Verglichen mit der Einspielung von 1979 unter Kurt Eichhorn (Orfeo C 437 9921) läßt Flor das Orchester die Ouvertüre dramatisch, ja, angriffslustig angehen, aber bald schon in gefälligen Festtagstrott zurückfallen. Pfitzners Allerlei aus Engelpantomime und Hellawald, Armheinrichs Siechenbett und Palestrinas Komponierklause, aus wilden Schmerzen und wüstem Traum und Weihnachtslied scheint eher nivelliert denn geklärt. Prekär die Zusammensetzung des Solistenensembles, es ist im wesentlichen den Sopranen Marlis Petersen in der schwierigen Koloraturpartie des Christ-Elfleins, Martina Rüping als Christkindchen und dem Tölzer Knabenchor zu danken, daß die Gratwanderung zwischen Kunstgewerbe und Familienkitsch im allgemeinen glücklich bewältigt wird und die Musik des Modernisten wider Willen Pfitzner über die Handlung hinaus heute noch und wieder neu anzurühren vermag - als Kunst. Im besonderen die Tölzer Knaben treffen den naivitätssüchtigen, kristallinen Ton der Komposition in Nr. 9 "Oh komm' in unsre Mitte" und in den beiden Finale mit sicherem Instinkt; hierin, aber nur hierin, erscheint die neuere als bedenkenswerter Gegenvorschlag zur älteren Aufnahme.

Wie Hans Pfitzner heute gespielt werden könnte, das steht auch aus dieser Aufnahme nicht zu erfahren. Wiederum werden anstatt der originalen Dialoge die Texte von Alois Fink gesprochen, diesmal von der Schauspielerin Andrea Sokol. Die unfreiwillige Komik des Librettos der Ilse von Stach wird zwar umgangen, doch um den Preis gravierender Eingriffe in die musikalische Substanz, etwa wenn die Musik des Melodrams im zweiten Akt nun der Erzählerstimme unterlegt ist.

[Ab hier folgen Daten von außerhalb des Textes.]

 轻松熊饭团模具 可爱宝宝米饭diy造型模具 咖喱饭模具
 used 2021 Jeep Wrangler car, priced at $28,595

Aber läuft in der Handlung wirklich alles so durcheinander, ist sie so hoffnungslos antiquiert, daß es zum Verständnis der vermittelnden Märchentante bedarf? Was es mit den drei Welten auf sich hat, die Pfitzner in seiner Spieloper durchaus planvoll zusammenbringt - die Welt des Christkindchens, Knecht Ruprechts und der Engel, die Welt der beseelten Natur ohne Glauben, des Tannengreises und der Elfen sowie die Welt der Menschen, die den Glauben verloren haben -, das erläutert im Beiheft ganz unaufgeregt Robert Braunmüller unter dem Titel "Schopenhauer für Kinder". Denn ohne Verständnis von Pfitzners völkisch-nationalem Weltbild und seinem deutschen Christentum sind weder das Lied vom Tannenbaum Nr. 10, das er auf einen eigenen Text komponierte und 1917 dem zur Spieloper umgearbeiteten Schauspiel mit Musik von 1906 einfügte, noch der Erlösungsgedanke seines "Taschen-Parsifal" zu verstehen.

Die Fabrikantentochter darf vom Totenbett auferstehen, weil der belesene Bruder aus der Stadt wieder glauben gelernt hat. Und das Naturwesen darf in den Himmel eingehen, weil es sich für einen Menschen geopfert und dadurch eine unsterbliche Seele bekommen hat. Doch szenisch erlöst, auf daß es nun auch ins Bühnenrepertoire einginge, ist Pfitzners "Christ-Elflein" bis heute nicht.